President Thein Sein, a general in the former military junta, has surprised the world with the most dramatic political reforms since the military took power in a 1962 coup in the former British colony then known as Burma.
In just one year, the government has freed hundreds of political prisoners, held peace talks with ethnic rebels, relaxed strict media censorship, allowed trade unions, and showed signs of pulling back from the powerful economic and political orbit of its giant neighbor China.
It was rewarded last November when Hillary Clinton made the first visit to the country by a U.S. secretary of state since 1955. Business executives, mostly from Asia but many from Europe, have swarmed to Yangon in recent weeks to hunt for investment opportunities in the country of 60 million people, one of the last frontier markets in Asia.
A small number of officials from Western countries and the Association of South East Asian Nations (ASEAN) were invited to attend the polls but given only a few days to prepare. They called themselves “visitors” rather than observers.
“Whatever irregularities we saw ... did not seem to be out of bad will or intentions. It was more lack of experience or knowledge,” said EU delegate Malgorzata Wasilewska, adding that irregularities could still occur in the counting process.
The 2010 election was condemned as rigged to favor the USDP, a party formed by the junta before it ceded power a year ago. The USDP is by far the biggest party in the legislature.
The NLD boycotted that vote. But just as Myanmar is changing, so too is Suu Kyi. Many see her now, at 66, as more politically astute, more realistic and ready to compromise. She has described Thein Sein as “honest” and “sincere” and accepted his appeal for the NLD to take part.
Her top priorities, she says, are introducing the rule of law, ending long-simmering ethnic insurgencies and amending the 2008 constitution that ensures the military retains a political stake and its strong influence over the country.
Many expect Suu Kyi to exert considerable influence and some wonder if conservatives would dare oppose her ideas in parliament given her popularity, especially ahead of a general election in 2015. Many MPs want to be seen aligned with her, basking in her popular support.
The election has not gone smoothly. Suu Kyi has suffered sickness and accused rivals of vandalizing NLD posters, padding electoral registers and “many, many cases of intimidation.”
Some of these infractions, however, are quite minor compared with elections elsewhere in Southeast Asia, where vote-buying and even assassinations are common.
On Friday the NLD said a betel nut had been catapulted at one of its candidates and a haystack set on fire close to where another was due to give a speech. It made fresh claims of irregularities on Sunday, alleging coercion by the USDP and damage of ballot papers.

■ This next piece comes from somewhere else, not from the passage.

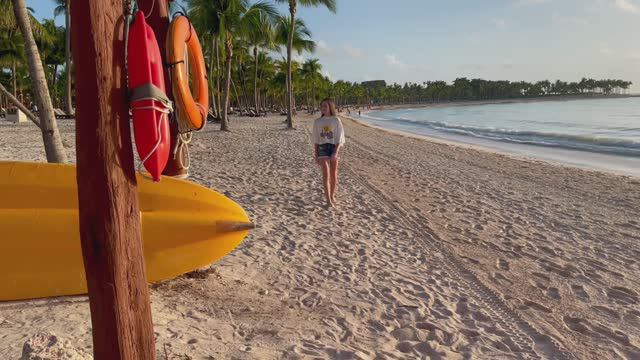 Софья Исаева -"Школа я вернусь" смотреть онлайн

Some critics say Suu Kyi is working too closely with a government stacked with the same former generals who persecuted dissidents, and fear she is being exploited to persuade the West to end sanctions and make the legislature appear effective. Others have almost impossibly high hopes for her to accelerate reforms once she enters parliament.
“Too many expectations are dangerous,” says Ko Ko Gyi, a former political prisoner. “She is not a magician.”
Some U.S. restrictions such as visa bans and asset freezes could be lifted quickly if the election goes smoothly, diplomats say, while the EU may end its ban on investment in timber and the mining of gemstones and metals.
But some critics say sanctions should remain in place to encourage more reforms and ensure all political prisoners are freed and bloody conflicts with ethnic militias cease.
“Giving the NLD the ability to win an extremely limited number of seats in parliament is not enough,” said Joe Crowley, who in January made the first visit to Myanmar by a U.S. congressman in 12 years. “Now is not the time for the international community to rush toward lifting pressure on Burma.”